We conducted a retrospective review of all oesophageal biopsies taken during oesophagogastroduodenoscopy (OGD) from March 2010 to December 2011. The patients’ demographics and clinical characteristics were collected. Biopsies were reviewed by a single pathologist who was blinded to the original reports, using the current consensus criteria for the histological diagnosis of EoE.
Of the 88 children who had biopsies during OGD, 4 (4.5%) children (three boys, one girl; three Chinese, one Caucasian) were diagnosed with EoE. Their median age was 9.5 (range 4.0–12.0) years. The main clinical presentations were abdominal pain (in the three older children) and vomiting (in the youngest child). Three children had a history of atopy. Three children were diagnosed with EoE in the original histology reports, while one was diagnosed after the second review following histology demonstrating > 15 eosinophil granulocytes per high power field and microabscess formation. Endoscopy findings revealed oesophagitis in two children, one of whom was already on acid suppression therapy. Although three children were started on acid suppression therapy, they continued to be symptomatic. One child was also treated with swallowed fluticasone and two with food allergen avoidance, resulting in symptom improvement.
Although EoE is uncommon in Singapore, greater awareness is needed among family physicians and general paediatricians. Paediatric gastroenterologists should alert pathologists when sending biopsy specimens that are suspicious for EoE.

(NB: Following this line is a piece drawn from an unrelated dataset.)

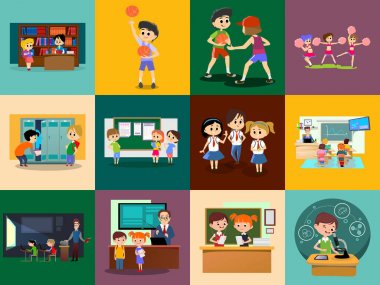 Geri okul seti pictographs, çocuk hayat gazete ve Kütüphane, erkek basketbol kızlar amigo takım, öğretmen, sınıf, Profesör ders üniversite, vektör çizim Bina öğrenciler ile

Eosinophilic oesophagitis (EoE) was first reported in 1978 by Landres et al,(1) but it was only considered to be a separate entity from oesophageal inflammation due to gastro-oesophageal reflux in 1990. EoE is a clinicopathologic condition that involves eosinophilic inflammation of the oesophagus and is associated with clinical manifestations related to oesophageal dysfunction. The disease has become increasingly prevalent since the last decade;(2-4) in fact, there was a fourfold increase in the incidence of EoE among children aged below 19 years between 2000 and 2003.(2) This has caught the attention of many paediatricians worldwide. However, while EoE is a well-recognised disease in the West, there is little epidemiological data on EoE from non-Western countries, such as China, Korea and Saudi Arabia.(5-7)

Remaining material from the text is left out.